- _Supplied records_
# # # # #

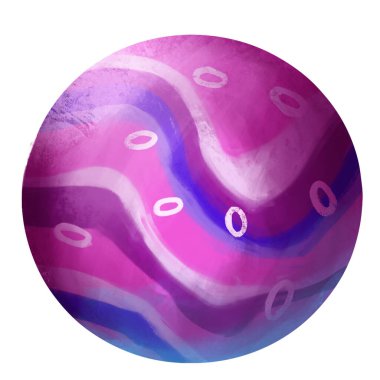 Manzaralı ve renkli uzay gezegeni çizim sembolü. Yüksek kaliteli illüstrasyon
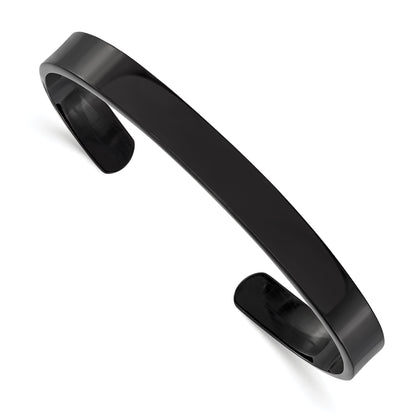 Stainless Steel Chisel Polished Black Ip-Plated 9mm Cuff Bangle
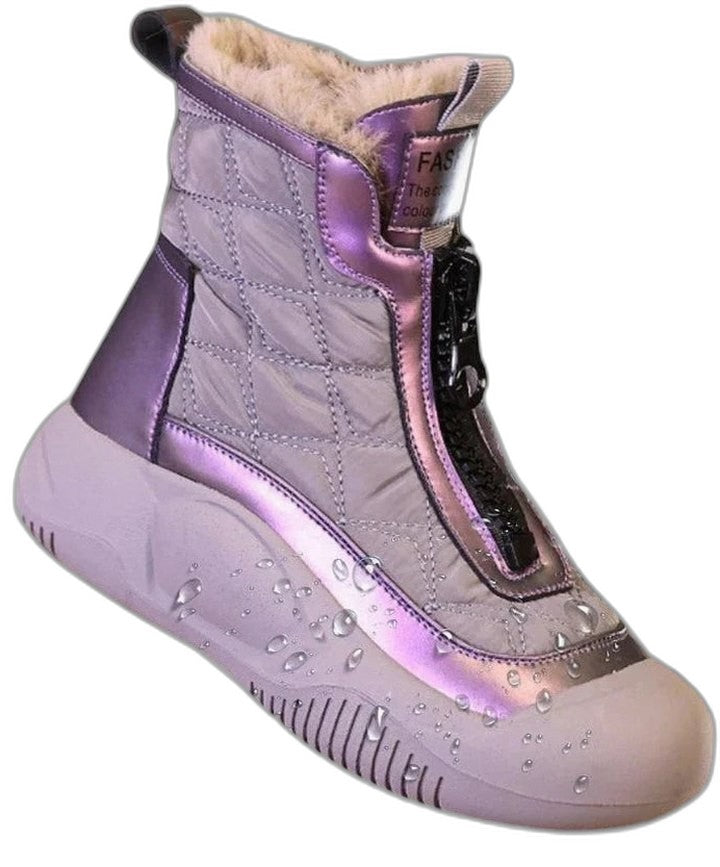 Comfortable Beige Ankle Boots for Women with Closed Toe Fur Lined Casual Style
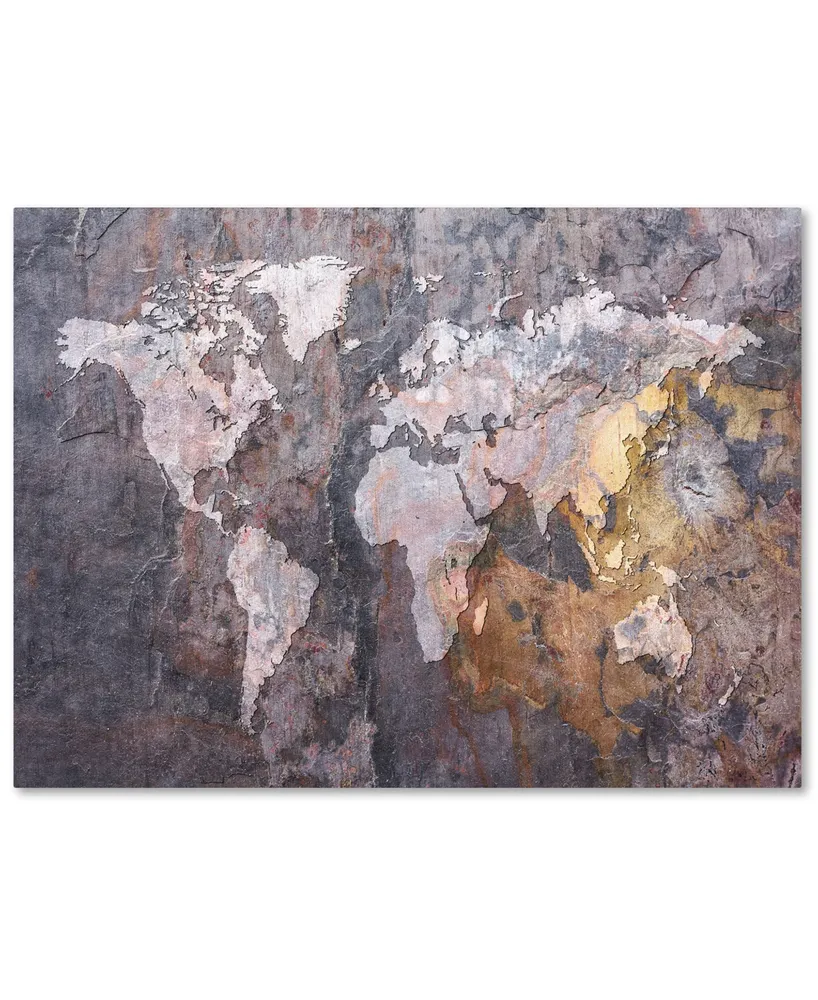 Michael Tompsett 'World Map - Rock' Canvas Art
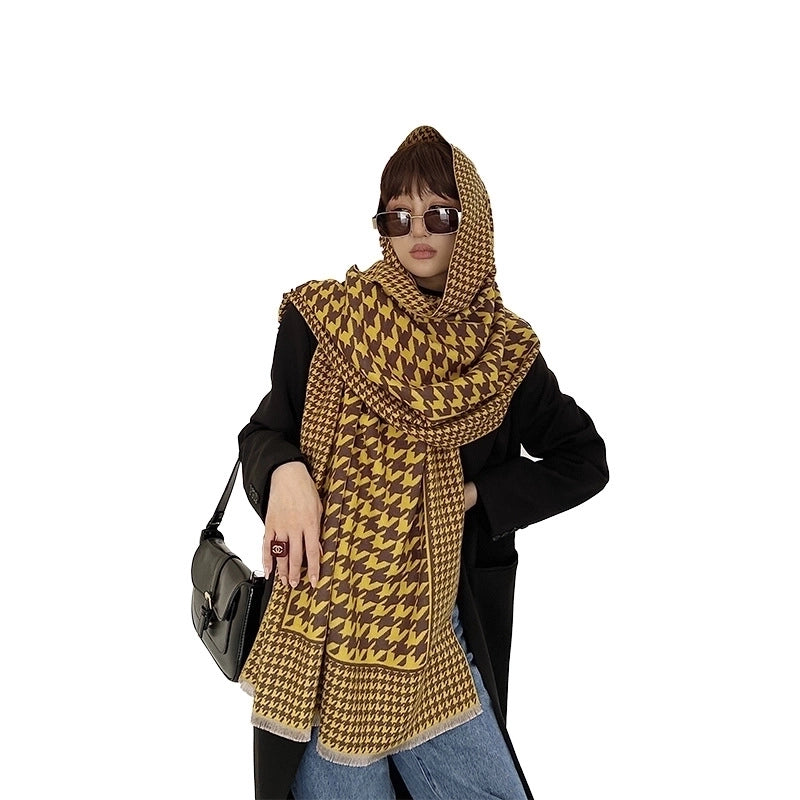 Version Of The Houndstooth Scarf Double-sided New Mid-length Imitation Cashmere Shawl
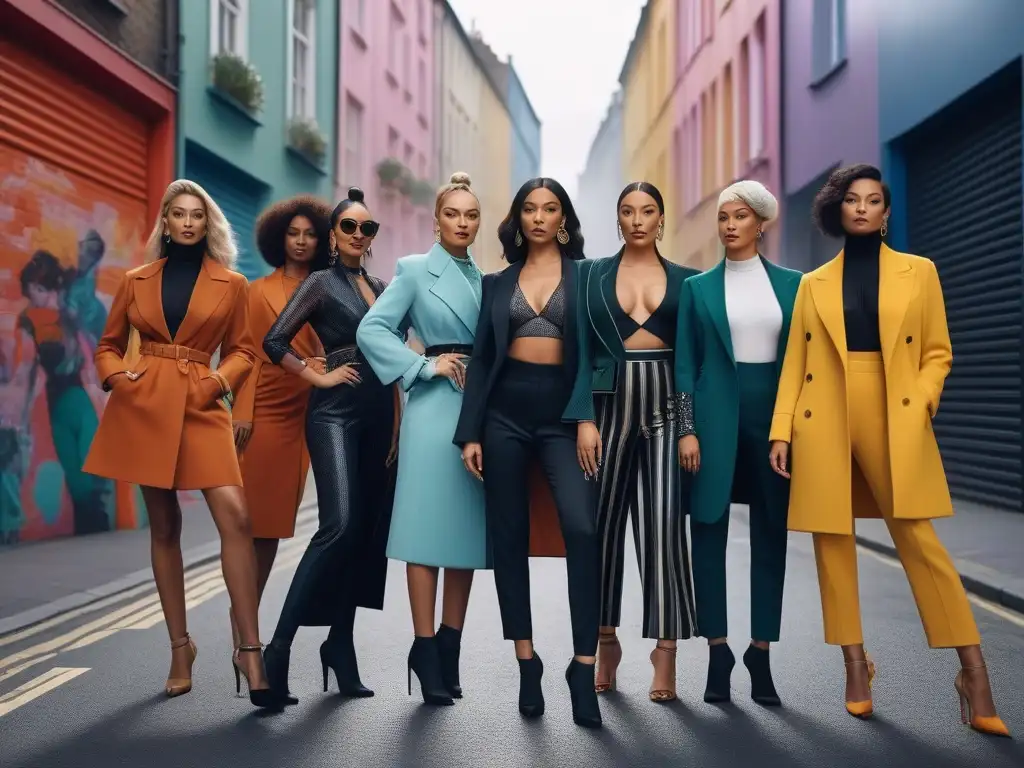 Influencers de moda diversa posan con estilo en entorno urbano Un grupo diverso de influencers de moda posando con confianza en un entorno urbano chic con arte callejero colorido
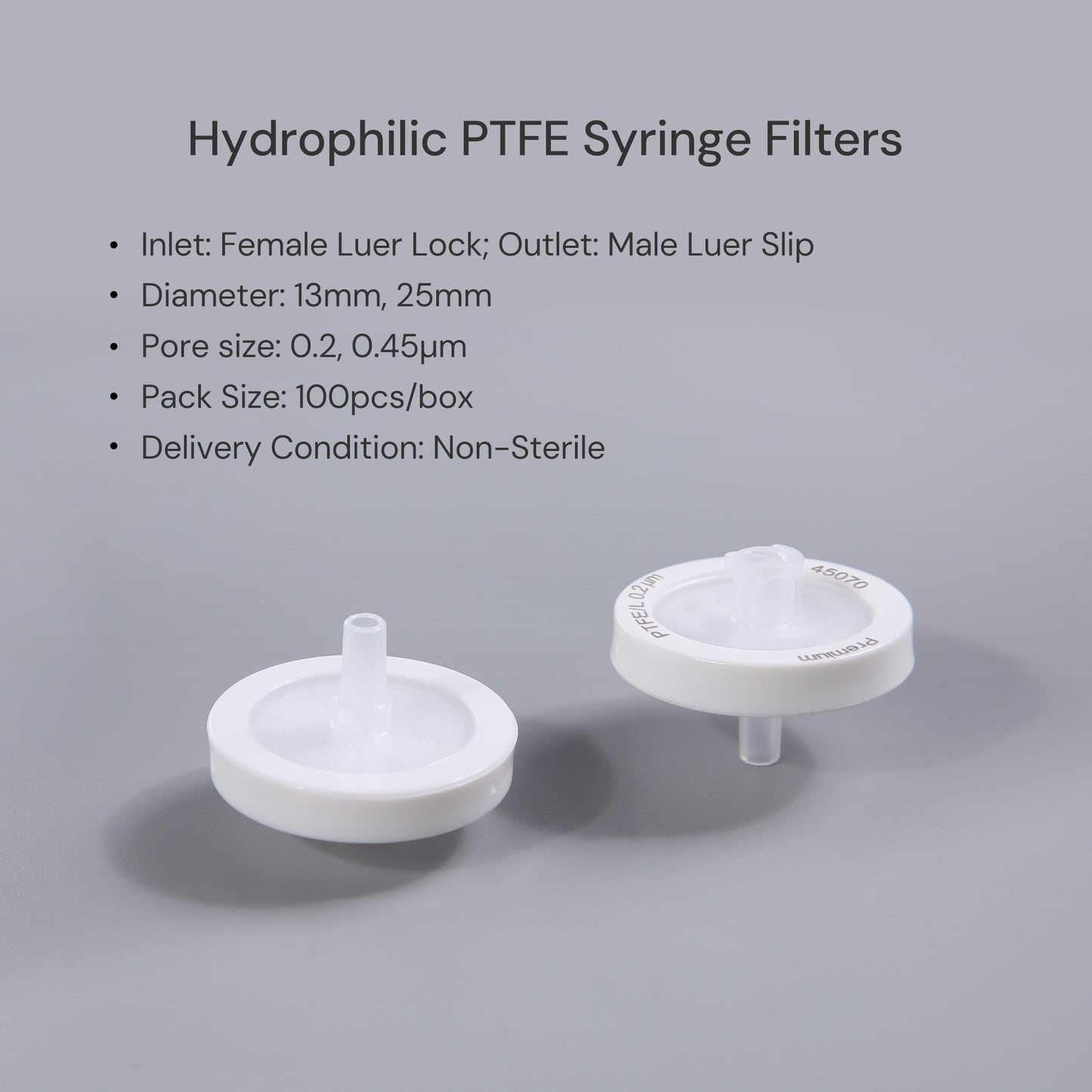 Hydrophilic PTFE Syringe Filters Non-sterile HPLC-certified 100pcs/pk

# # # # #

- _About this exercise_
Your answer should be the exact lines above from the one containing "Comfortable Beige Ankle" through the one containing "Version Of The", with both end lines kept and the pictures removed, please.

- _Task answer_
 Comfortable Beige Ankle Boots for Women with Closed Toe Fur Lined Casual Style
 Michael Tompsett 'World Map - Rock' Canvas Art
 Version Of The Houndstooth Scarf Double-sided New Mid-length Imitation Cashmere Shawl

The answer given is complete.